While Apple's Macintosh line of computers has always been well-known for its intuitive, easy to use interface, one issue has plagued it since the beginning and doesn't look like it's going to be solved any time soon. In fact it's probably getting worse due to changing user habits.
A computer is not very useful in isolation. You need to be able to get programs and documents on to and off of the computer or it's all just so much impotent data. Today the primary means of sharing and exchanging information is the Ethernet network, in most cases the Internet. But it isn't always the best way to get something from point A to point B, since not everyone has their own publicly accessible server on the internet to use as a transfer point. And e-mail can only get you so far due to attachment size restrictions and the fact that most residential ISPs cap uploads to a much slower speed than they allow downloads. Downloading a 100MB file through a fat 300kbps pipe isn't so bad, but uploading it through a 50kbps straw can be intolerable in today's fast-paced, instant access, ADHD world.
So we still need removable media, whether it be a floppy disk (remember those?), USB jump drive, or portable external hard disk. In most cases these are very convenient ways to get large amounts of data from one place to another, but Apple seems to have not quite thought out fully how users interact with them.
What few people realize is that the Apple decided a while back that removable media should have its own Desktop and Trash Can, just like the computer itself does (note that in OS X the removable disk no longer appears to have its own Desktop†). This sounds like a pretty good idea on the surface, but the distinction between where the computer's Desktop and Trash Can ends and the removable device's begin is, by design, fuzzy. To the user, it appears that there's only one Trash Can and one Desktop, and the user will naturally assume that it's the computer's.

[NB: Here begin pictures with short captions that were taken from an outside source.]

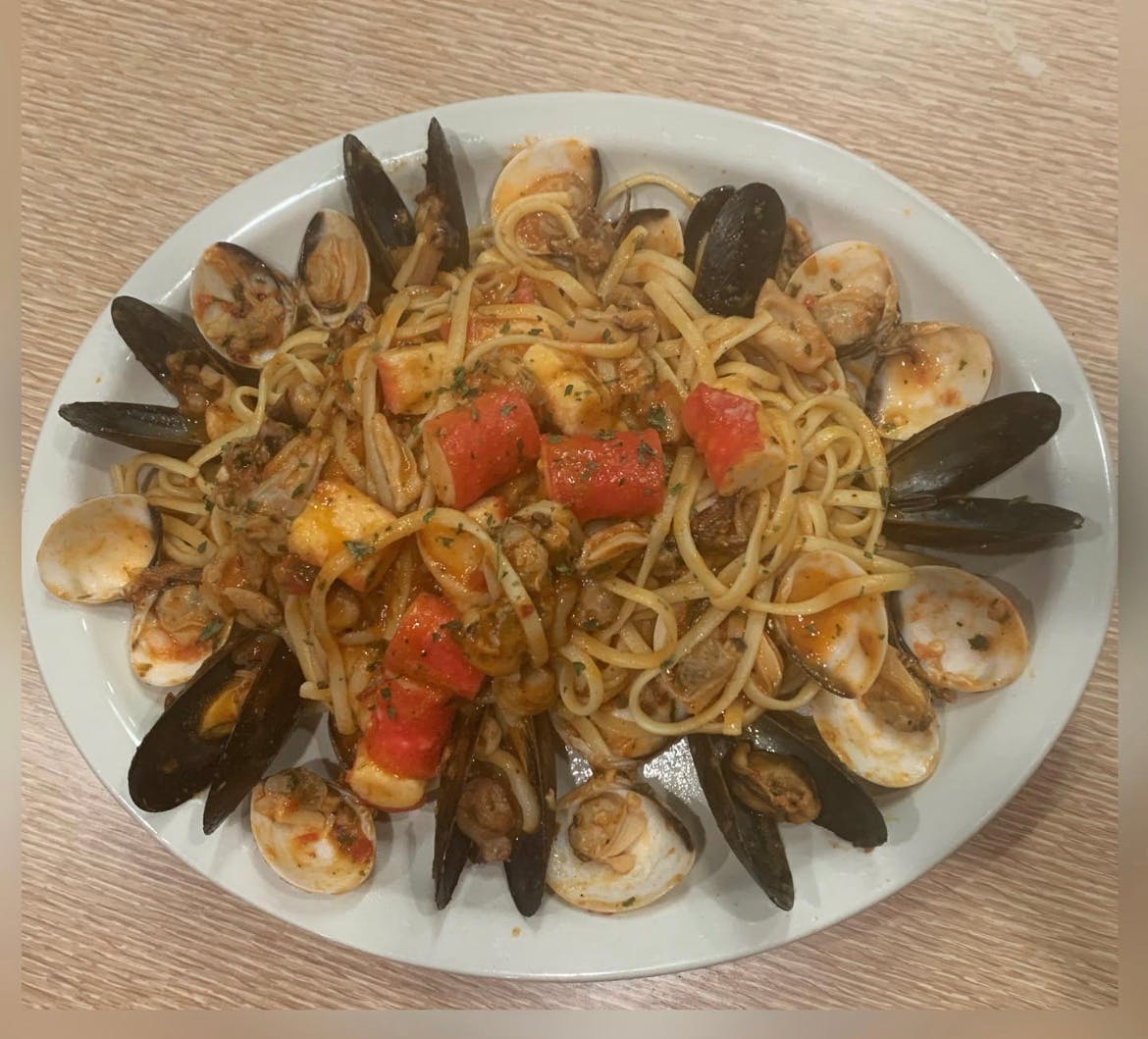 Order 12. Seafood Pasta - Pasta food online from Village Cafe & Pizza store, Los Angeles on bringmethat.com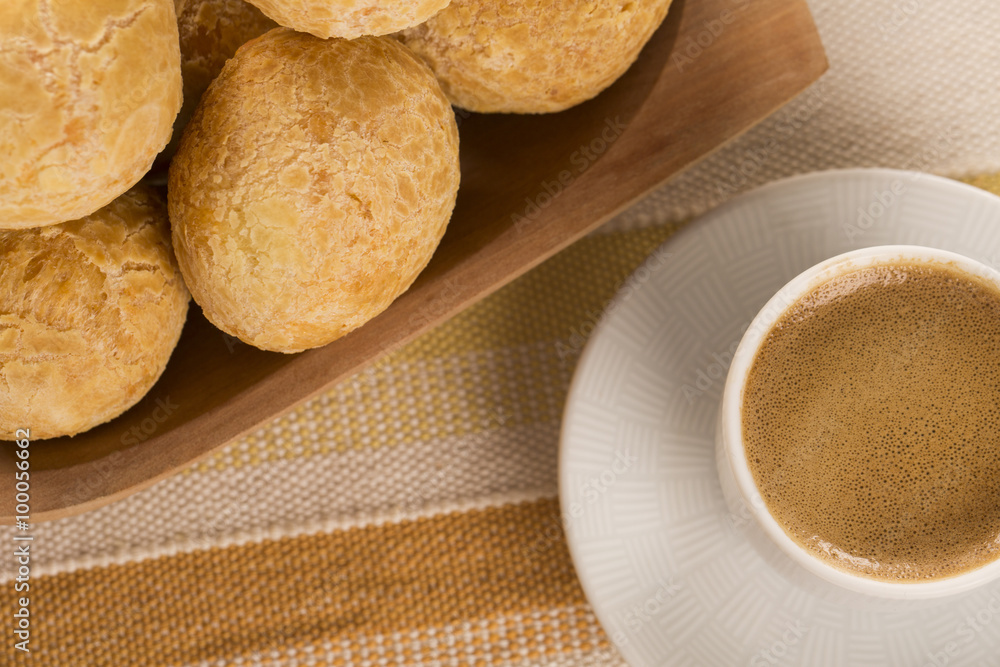 Brazilian cheese buns . Table cafe in the morning with cheese bread. Brazilian cheese buns . Table cafe in the morning with cheese bread.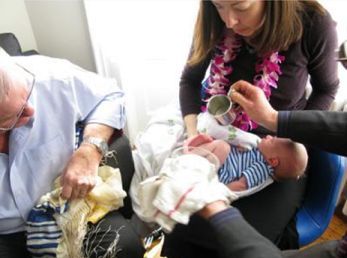 At the Bris Shalom, the parents washed their son's feet (Brit Rechitzah) as a symbolic sign of Jewish covenant 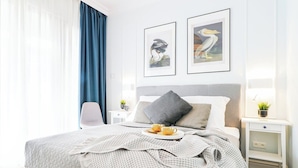 A neatly arranged bedroom with a bed, bedside tables, a nightstand, a window with curtains, and two framed pictures on the wall.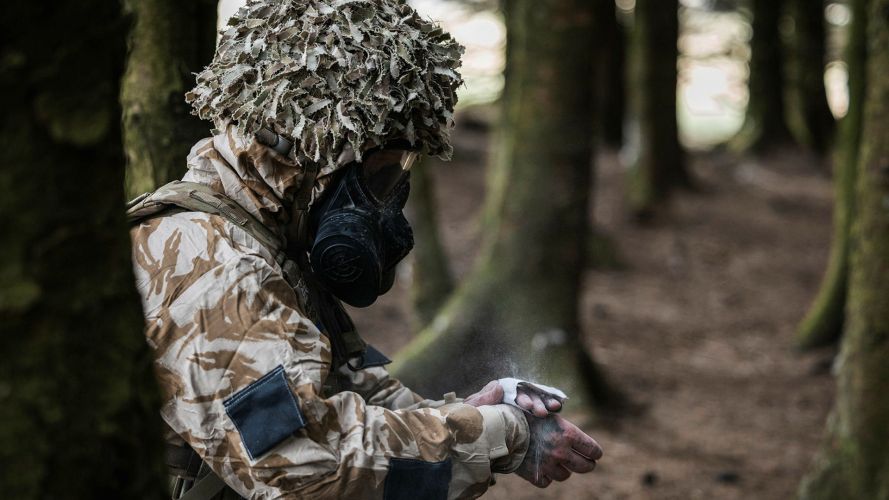 Despite the summer heat, the signallers had to don respirators and protective clothing as part of their CBRN training - this is worn over their uniform, not instead of it Despite the summer heat, the signallers had to don respirators and protective clothing as part of their CBRN training - this is worn over their uniform, not instead of it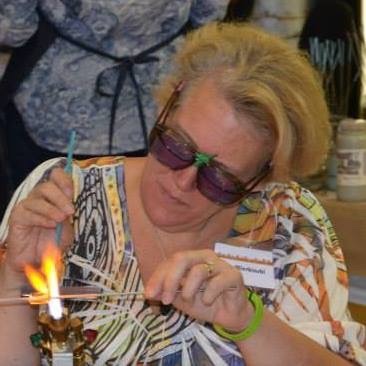 Ann Wierbinski working at a lampwork torch
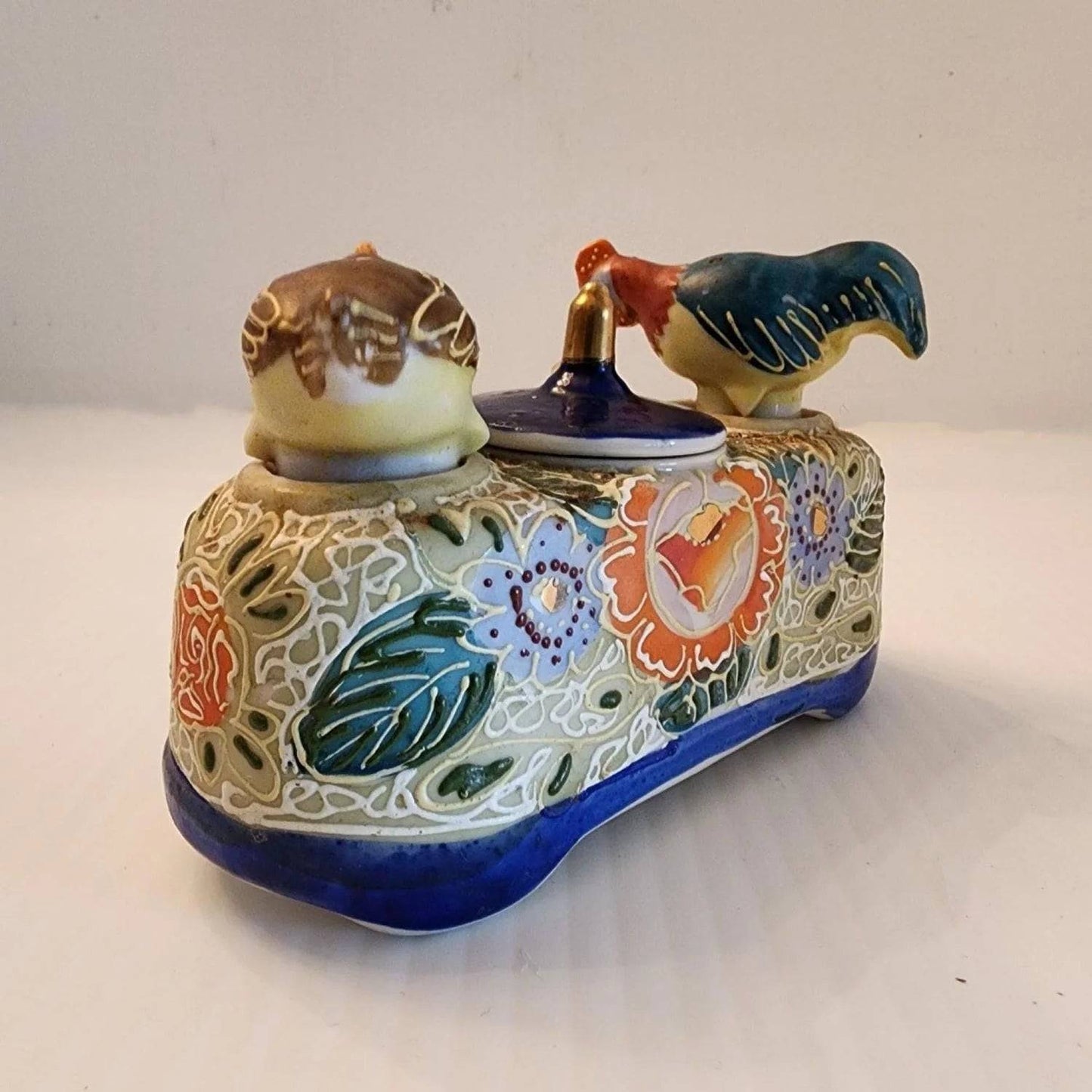 Delicate ceramic tray adorned with two bird designs.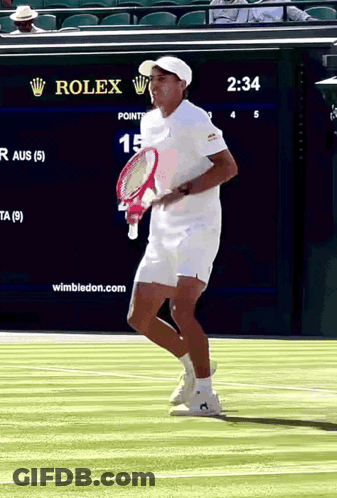 A Man Holding A Tennis Racquet On A Court With A Rolex Sign In The Background GIF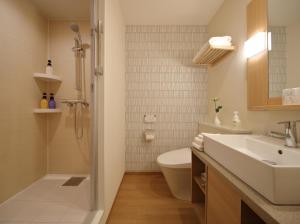 a bathroom with a sink and a toilet and a shower at Red Roof Inn & Suites Osaka Namba Nipponbashi in Osaka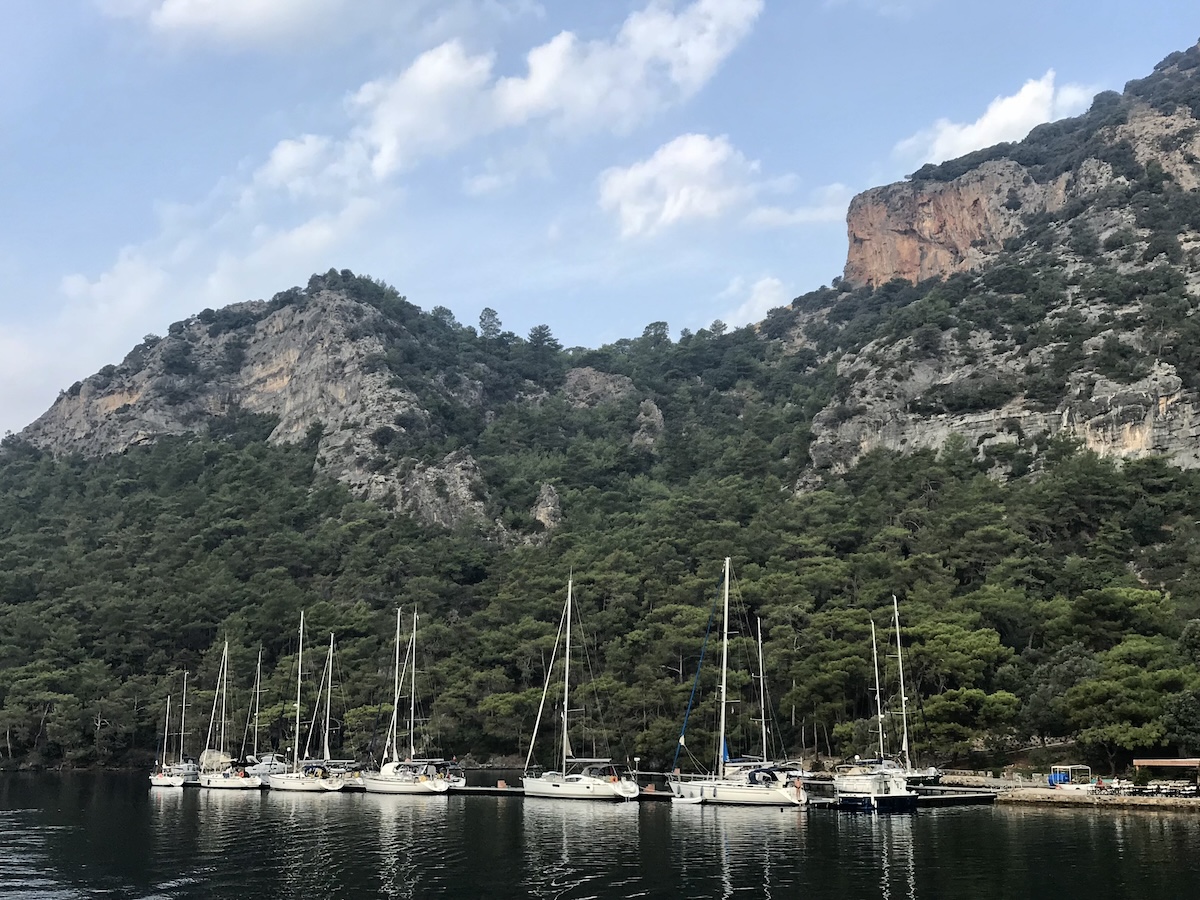 A small marina set near mountains behind a dingy being pulled through the sea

†The move to a UNIX filesystem has instead shifted this to users, so each user has a desktop in ~/Desktop, and files dragged from removable media will always be copied there.
— thanks OberonDarksoul!
Most people got their first clue that something deeper is going on when they put a floppy disk into the computer, and dragged a file from the disk onto the computer's Desktop. So far so good? The file moved, right? But eject the disk and the file will disappear from the Desktop! Because what you did was you dragged the file onto the floppy disk's Desktop, not the computer's! Likewise if you dragged the file into the Trash Can, if the Trash Can was empty before it will adopt the familiar "there's something in me" bulge, but upon ejection of the disk the Trash Can will be mysteriously empty. Again, you've put the file into the removable disk's Trash Can, not the computer's. Compounding the problem today is that users tend not to empty their Trash Cans as often these days, because with modern, massive hard disks saving that extra 50k of space by deleting your Word document isn't that important, so there's no telltale bulge transition to tip you off.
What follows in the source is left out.